Support in Tough Times16 Aug, 2010 By: Doug McPherson Response
No doubt the economy has left a good-sized dent in DR, but some believe support services can help smooth out at least some of the damage.
Tony Sziklai sees the problem as clearly as an HDTV picture — and part of the solution is coming in pretty clearly, too.
The problem? It’s well documented. “The economy has definitely impacted the direct response industry, no doubt about that,” says Sziklai, who’s with Moulton Logistics, a fulfillment firm in Van Nuys, Calif. “While there are still hit shows out there, many marketers are getting fewer orders and experiencing more attrition, such as cancellations, credit card declines and returns.”
These are all valid problems. And while there’s no quick fix, Sziklai and others in support services say part of the solution is right behind marketers — on the back end with fulfillment, call centers and payment processing. “I’m starting to see more and more marketers looking to improve support services and customer service, and it can pay off, especially in a bad economy,” Sziklai says.
On the fulfillment side, for example, Sziklai says marketers are paying closer attention to details. “They [marketers] want same-day shipping so that customers get their packages faster and are less tempted to cancel.
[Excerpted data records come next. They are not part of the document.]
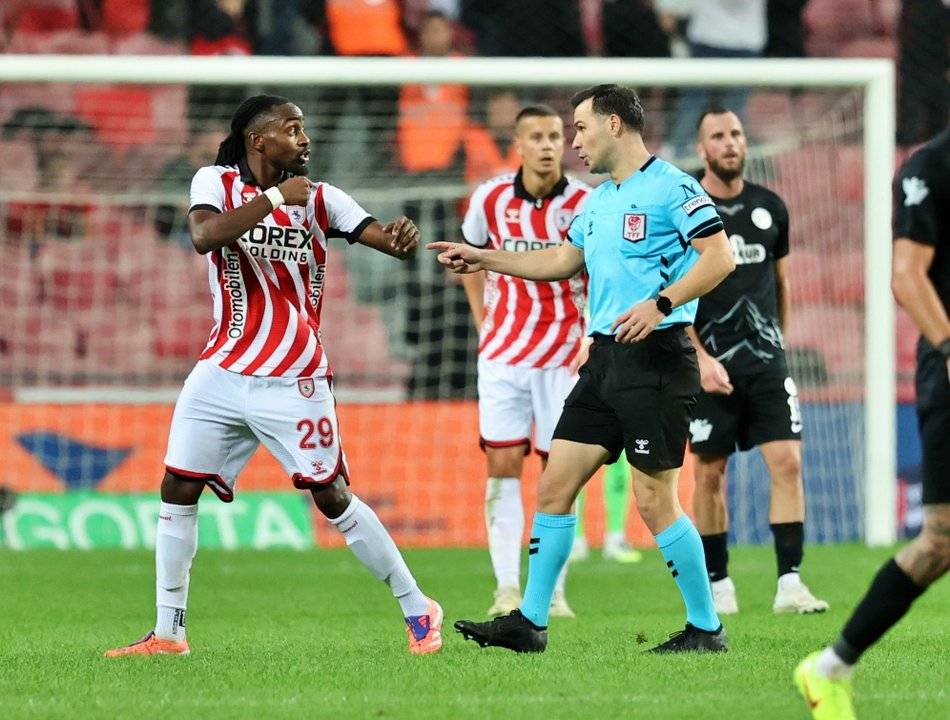 Samsunspor'da 5 futbolcu sarı kart sınırında! Başakşehir maçında 4 oyuncu eksik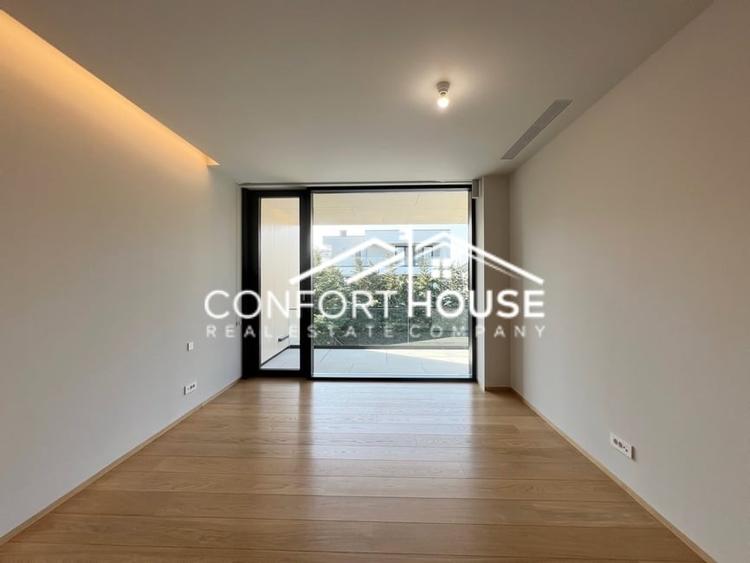 Vila cu arhitectura moderna, sistem Smart Home, piscina, IANCU NICOLAE - 42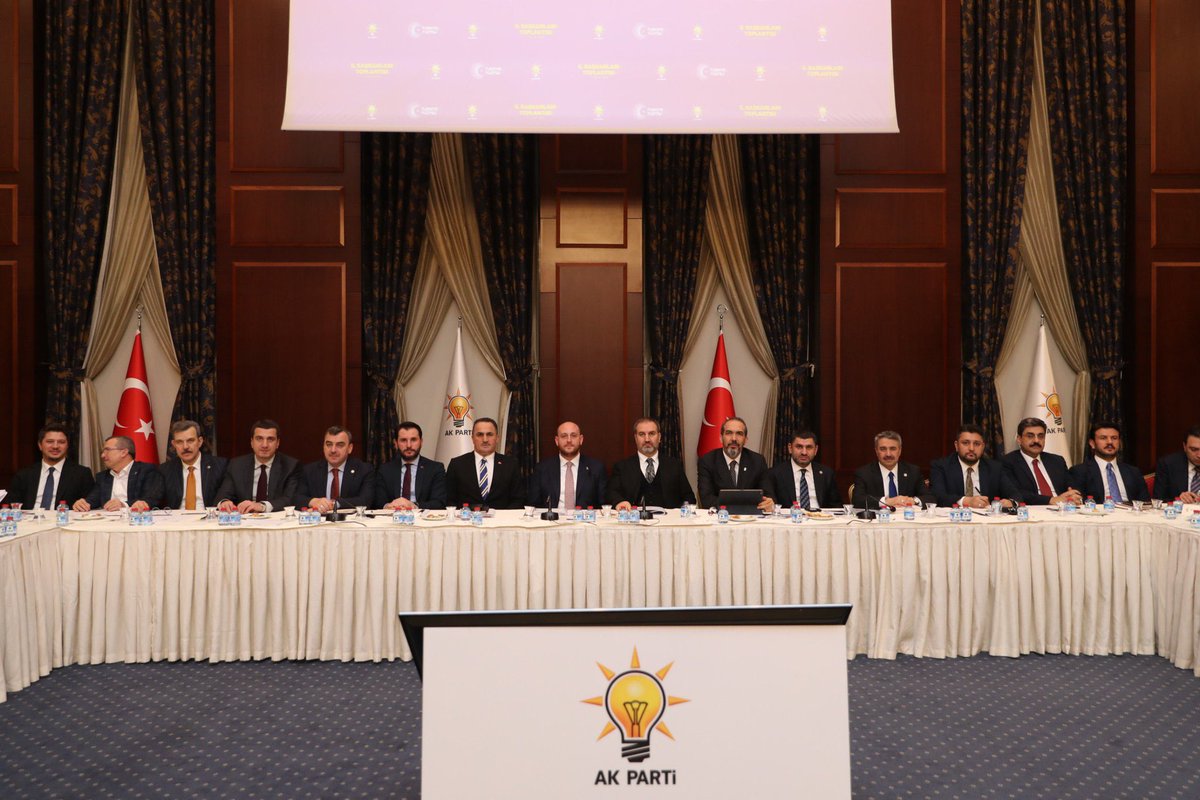yahyacelik_'s tweet photo. 📍AK Parti Genel Merkezi

Genel Başkan Yardımcımız ve Teşkilat Başkanımız Sn. Ahmet Büyükgümüş’ün himayelerinde, 81 il başkanımızın katılımıyla Daraltılmış İl Başkanları Toplantımızı gerçekleştirdik.

Yol arkadaşlarımızla birlikte sahadaki çalışmalarımızı, milletimizle kurduğumuz güçlü gönül bağını ve önümüzdeki dönemin yol haritasını kapsamlı şekilde değerlendirdik. Teşkilatımızın kararlılığı, inancı ve azmi Türkiye Yüzyılı hedeflerimize emin adımlarla ilerleyişimizin en sağlam teminatıdır.

Toplantımızın partimiz, teşkilatımız ve aziz milletimiz adına hayırlı neticelere vesile olmasını temenni ediyorum.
They want bi-coastal shipping so that freight costs can be optimized. They want technology to ensure that orders are packed correctly, in the right-sized box, and using the correct shipping method — anything to reduce returns and reverse logistics costs.”
That’s a lot of wants, and that’s precisely what experts say can lead to savings in the day-in, day-out grind of DR and its back-end workings.
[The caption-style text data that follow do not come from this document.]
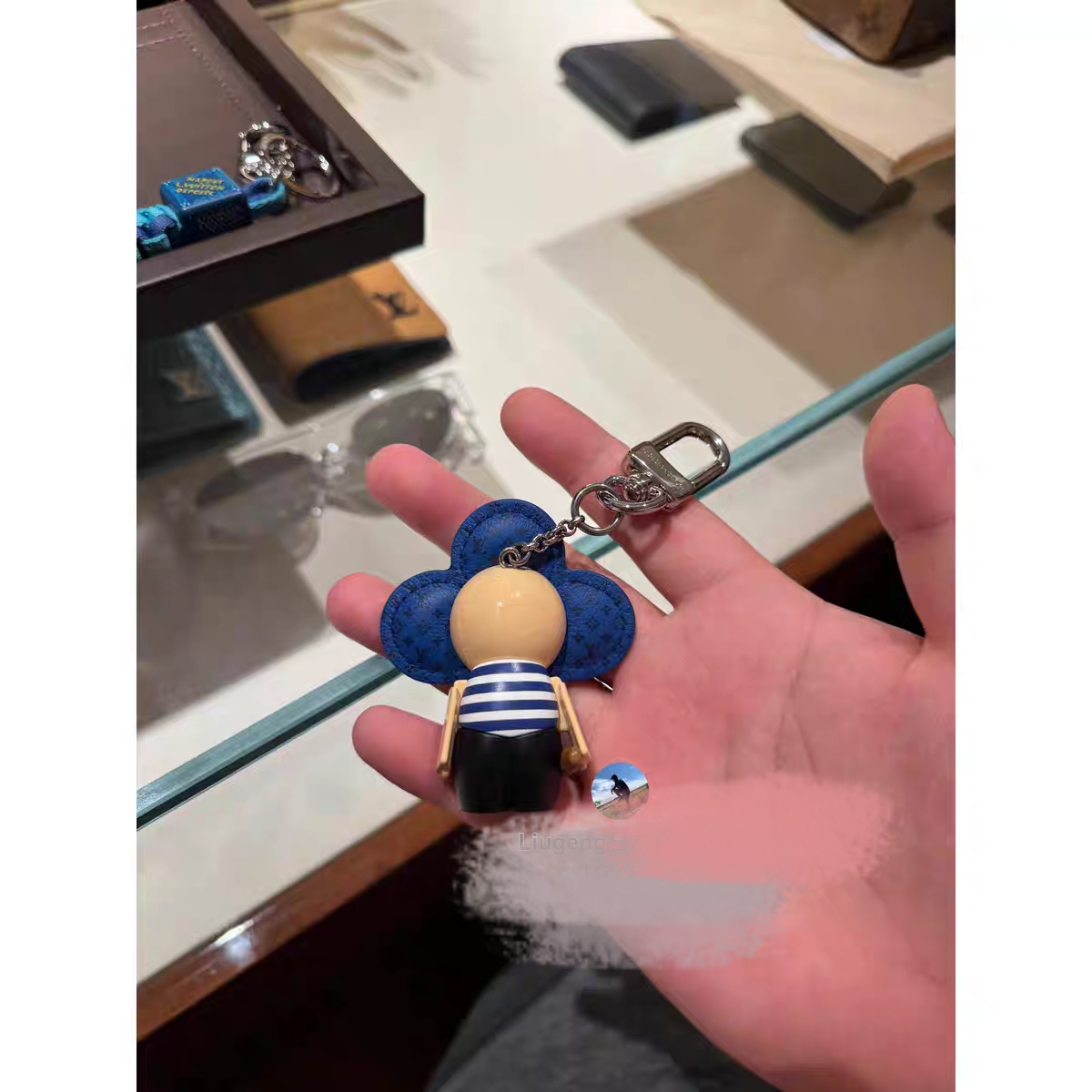 Keyring attachment of a keychain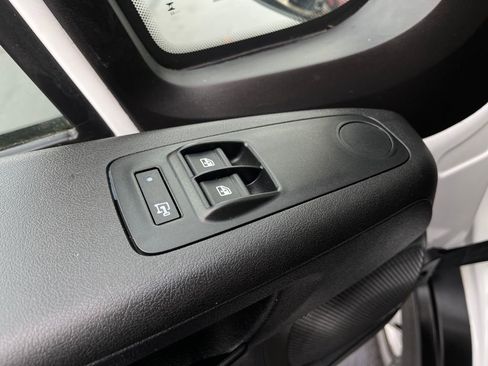 Used 2023 RAM ProMaster 2500 image 13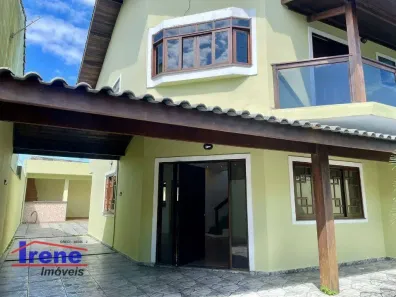 Sobrado com 4 Quartos à venda, 194m² no Jardim Ivoty, Itanhaém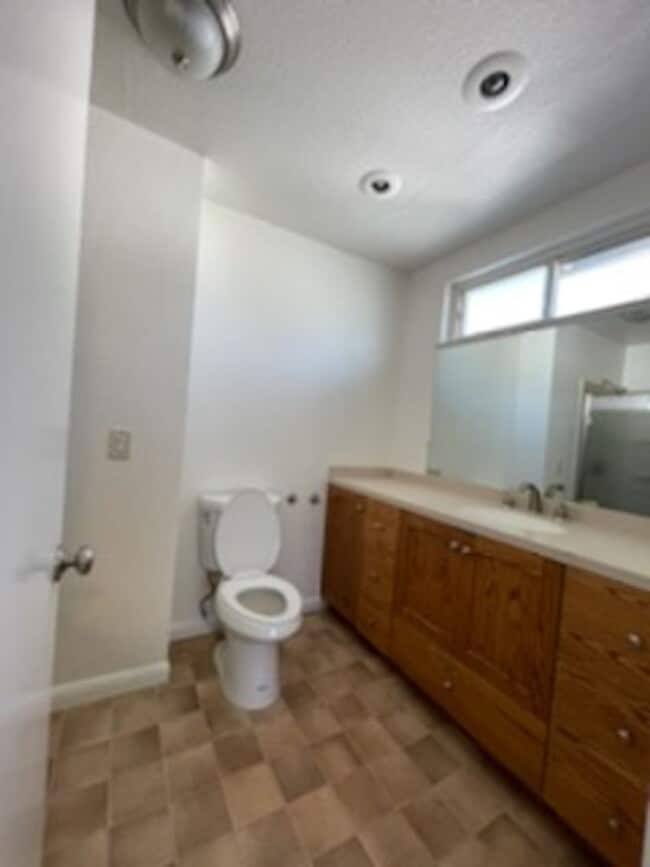 Building Photo - Adorable Home with Lots of Upgrades!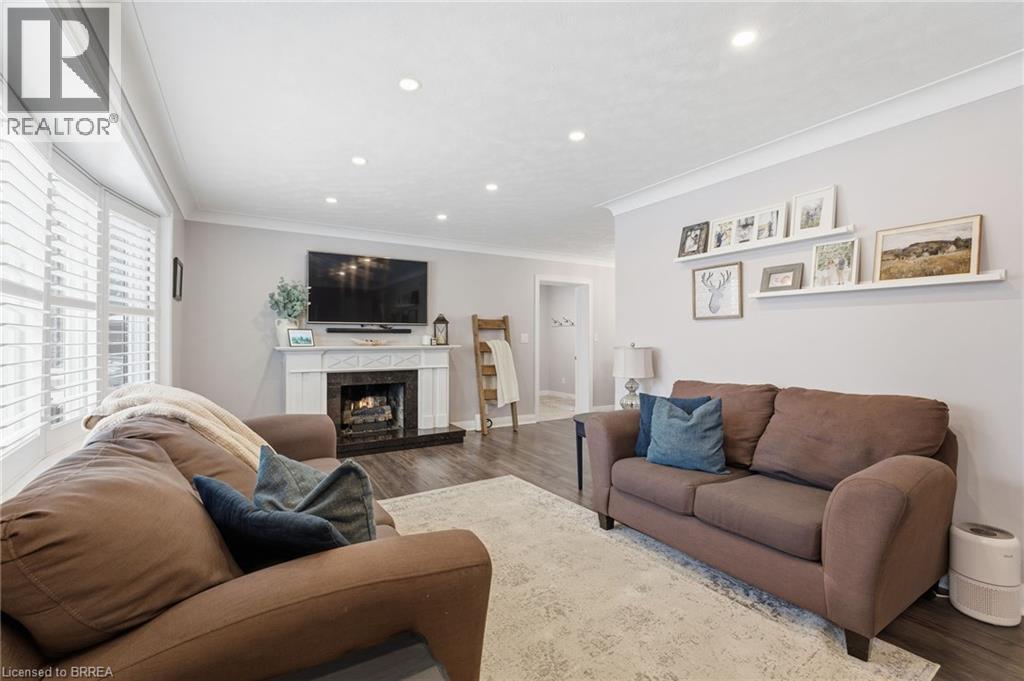 37 Hillier Crescent, Brantford, Ontario  N3R 1X3 - Photo 6 - 40805533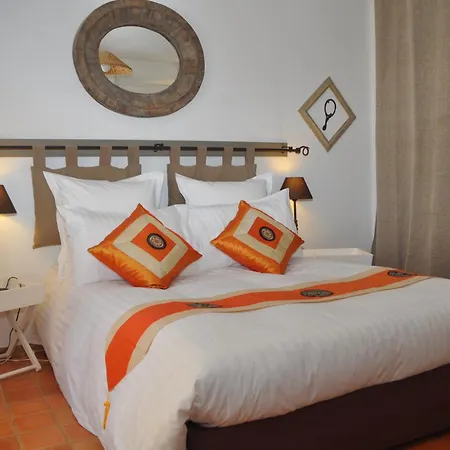 Le Clos Geraldy - D'hotes De Charme, Piscine Et Spa 4*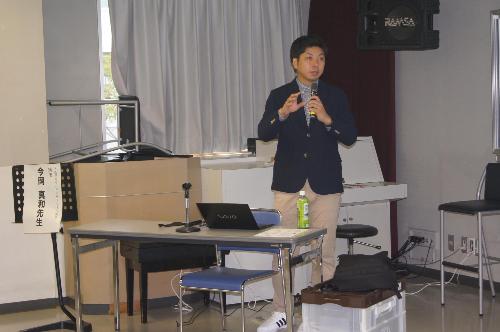 大阪河崎リハビリテーション大学講師の今岡真和先生がフレイルについて講義をされている様子です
“Today we’re all challenged to do more with less and to make the most with the dollars we’re spending. You must hold vendors accountable,” says Shari Altman, president of Altman Dedicated Direct, a DR consultancy in Rural Hall, N.C.
No One Big Thing
It’s first important to have the right set of expectations on what you can save and what you can’t via back-end support, Altman says.
“There’s no one big thing you can do to save money with vendors, but I believe there are a lot of little things you can do to get the next few pennies,” Altman says. “You constantly need to be tweaking at every turn. All the small items — what are we doing to upsell better, maybe it’s the offer, maybe the script can be improved, always tweaking.”
To Altman and other consultants, that ability to tweak often comes down to picking the right vendor to begin with.
Lisa Valentine, a marketing manager with PowerPay, a payment processing company in Portland, Maine, agrees and says to look for a partner who’s willing to consult with you to identify potential issues before they happen.
“Appreciate [those] who ask lots of questions about your business related to how they can best service and partner with you on driving a successful campaign,” Valentine says.
Once you find the right vendor, Altman says to get actively involved with them in their work. “You can’t just hand off a campaign to a vendor; you know your product and customers better than anyone else,” she advises. “Yes, vendors may know their business, but you know what can’t be replaced. Put your brain power together with them.”
Bryan Sweeney, vice president of operations for JH Direct, a DR product marketing company in Vista, Calif., agrees. He says developing a working relationship with his fulfillment company, Thill Logistics/Customer Service Direct in Neenah, Wis., has been critical. “They’re an extension of my operation, a true partner,” he contends.